Everyone had that one neighbor when they were growing up who tried to get creative on Halloween by passing out stale popcorn balls in lieu of candy. As the discussion about the childhood obesity epidemic in this country intensifies, Halloween has become a target for parents looking to nip their kids’ sugar problem in the bud. Many parents go to great lengths to deprive their children of GMOs and processed sugars. The results are depressing enough to ruin any Halloween experience.
After cruising the #HealthyHalloween hashtag, we found some some nutritious treats that are spookier than your local haunted house.
Photo via Real Mom Nutrition
What’s the recipe for turning all the neighborhood children against you? Two bananas, Two cups water, one cup pineapple (fresh, frozen, or canned in juice), and two large handfuls spinach or kale. Add a dash of spite for extra taste.

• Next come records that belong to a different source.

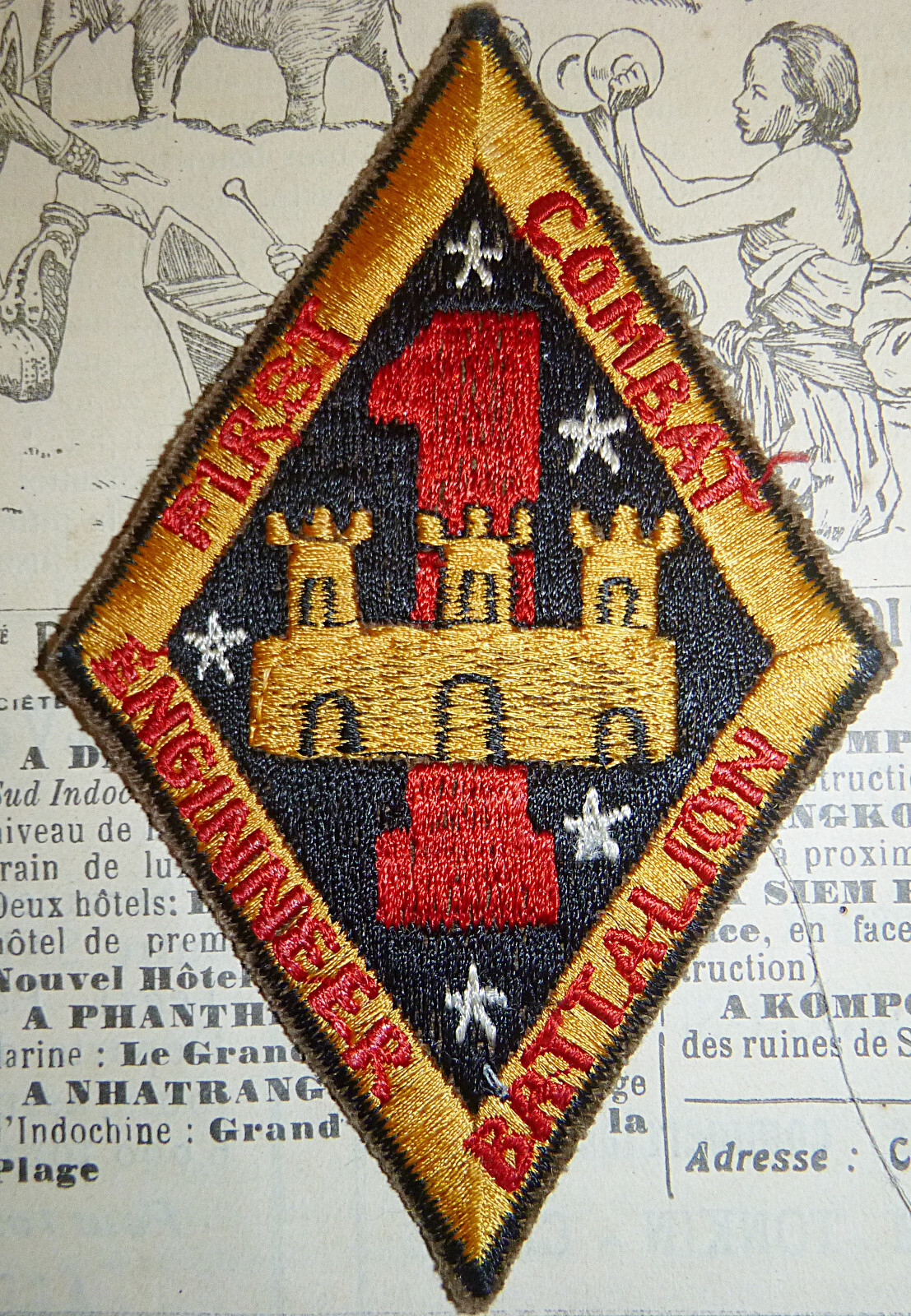 Patch - 1st COMBAT ENGINEER Bn - Southern Cross  - USMC - Vietnam War - #.515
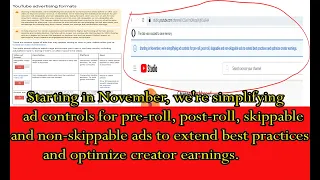 Starting in November,we're simplifying ad controls,YouTube Ads  Control,​ Optimize creator earnings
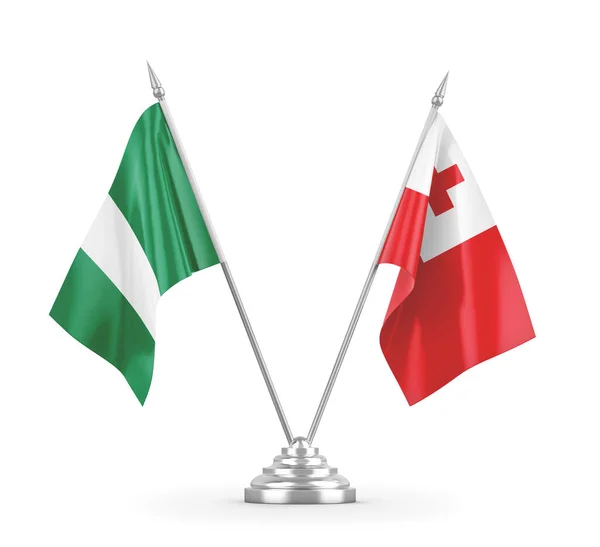 Tonga i Nigeria table flagi izolowane na białym renderingu 3D — Zdjęcie stockowe
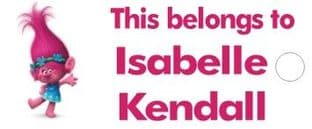 Personalised Poppy Trolls Keyring School Bag Name Tag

Photo via Frugal Coupon Living
Not only is this jack-o-lantern not actually a pumpkin, but it’s filled with fruit—the very thing children are forced to eat the other 364 days of the year.
Photo via Doctor Doni
One doctor suggested that instead of candy, you can give your children nuts. Yes, nuts. He also suggests beef or turkey jerky, almond butter, or colored pencils. He should change his name to Dr. Evil.
Photo via The Nutrition Mom
You’re basically asking for these to be thrown at your house.
Photo via H3Daily.com
There’s nothing trick-or-treaters love more than panna cotta topped off with a kiwi slice. Enjoy spending an inordinate amount of time slaving over this creation that will go the way of smashed pumpkins.
6) Organic pumpkin puree pouches
Photo via Peter Rabbit Organics
This Halloween, you could surprise the kids in your neighborhood with a pureed veggie blend—perhaps pumpkin, carrot. and apple flavor—from Peter Rabbit Organics. Each pouch is conveniently packaged, making it easy to clean up after the kids splatter it on your porch.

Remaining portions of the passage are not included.